Existem certas obras que parecem ser feitas de veludo. São filmes, músicas, peças teatrais e livros que te fazem viajar, se sentir tocado, mergulhar em emoções, introspecções e sentimentos que normalmente não sentimos com outras obras. No cinema é relativamente comum encontrar filmes que causem esta sensação, e que facilmente entram nas coleções de DVD, e que podem ser eternamente revistos.

Já a efemeridade do teatro muitas vezes nos impede de descobrir estas pequenas pérolas, sobretudo quando a divulgação é menor, ou quando estas pérolas não são produzidas por núcleos consagrados (sim, até mesmo fora do circuito do teatrão existem nichos e mainstream). E ainda por cima, ao contrário das músicas, filmes e livros, a possibilidade de revivals no teatro só existe em casos de remontagens e novas temporadas.

No final de 2006 estava em cartaz no histórico TBC uma dobradinha de peças do ator e dramaturgo Gero Camilo: Cleide, Eló e as Pêras e Aldeotas. Dois espetáculos para os quais eu não daria prioridade na hora de escolher o que assistir – e que de fato não dei no ano passado. Mas os elogios que ouvi da peça, por parte de diversas pessoas, me fizeram mudar de idéia, mas foi tarde demais: a temporada já havia acabado. Felizmente e para a minha sorte, ainda não era hora dos espetáculos serem engavetados, e neste ano reestrearam no Espaço Parlapatões, na praça Roosevelt, onde estão em cartaz.

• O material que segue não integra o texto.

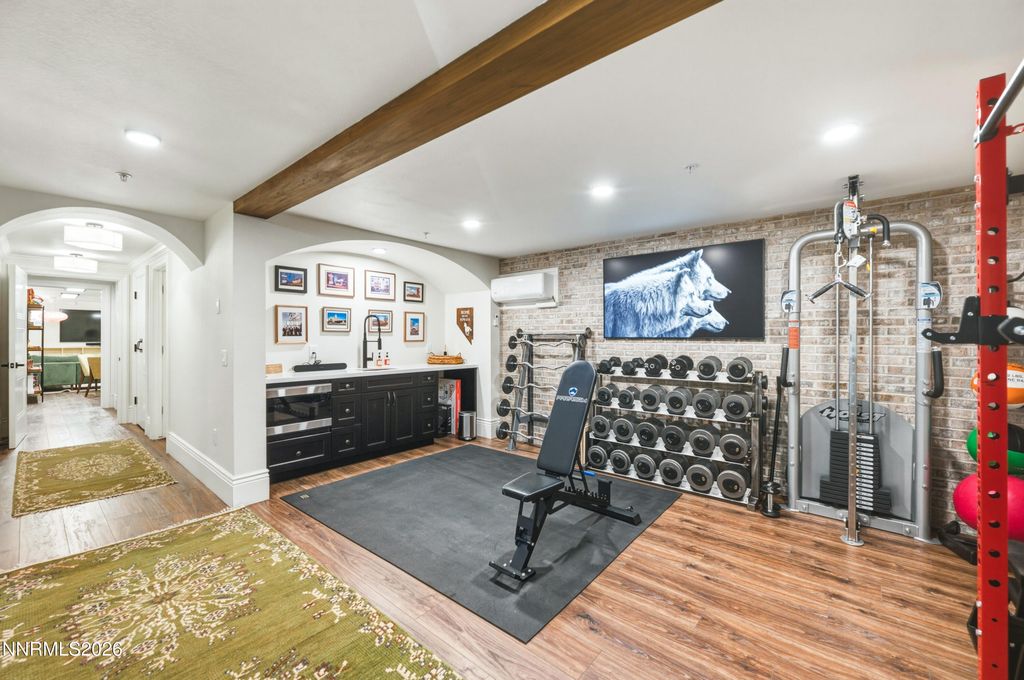 Image 28 of property listing at 101 Greenridge Drive, Reno, NV 89509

Cleide, Eló e as Pêras é uma grande obra. É uma história de amor vista sob a ótica dos dois personagens do título, a costureira Cleide e o vigia Eló. A dramaturgia de Camilo passa a anos-luz de distância das pieguices que se imagina com este enredo. É um misto de teatro com poesia, sem aquele típico compromisso irritante com o racionalismo e a obviedade que as histórias de amor costumam apresentar. É uma história de amor contada pelo coração (ok, isso foi piegas).

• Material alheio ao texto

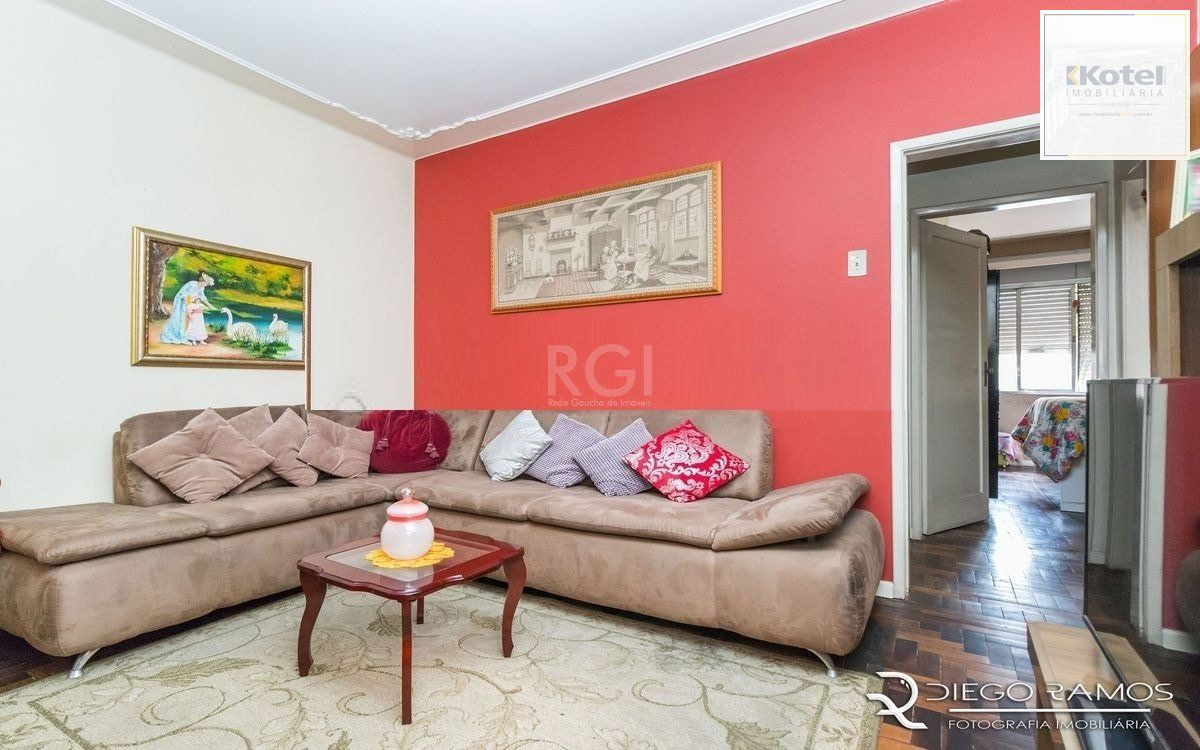 Venda de Apartamento no Bairro Petrópolis 108m² - 3 Dormitórios, varanda, Cozinha: Com churrasqueira e cooktop de 5 bocas.  Apartamento no bairro Petrópolis com 3 amplos dormitórios, sendo 2 de frente — foto 4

Em cena, apenas uma cadeira vermelha e algumas pêras que fazerm parte do diálogo entre os dois personagens. Primeiro vem o monólogo de Cleide sobre Eló, interpretada com uma emoção comovente pela linda Paula Cohen. Depois é a vez do monólogo de Eló falando sobre Cleide. Gero Camilo, ator baixinho, magrinho, é um espetáculo à parte, automaticamente ganha o coração de toda a platéia com tanta poesia sendo falada com tanta paixão. Em seguida vem um diálogo que encerra o espetáculo e a platéia sai do teatro em estado de graça.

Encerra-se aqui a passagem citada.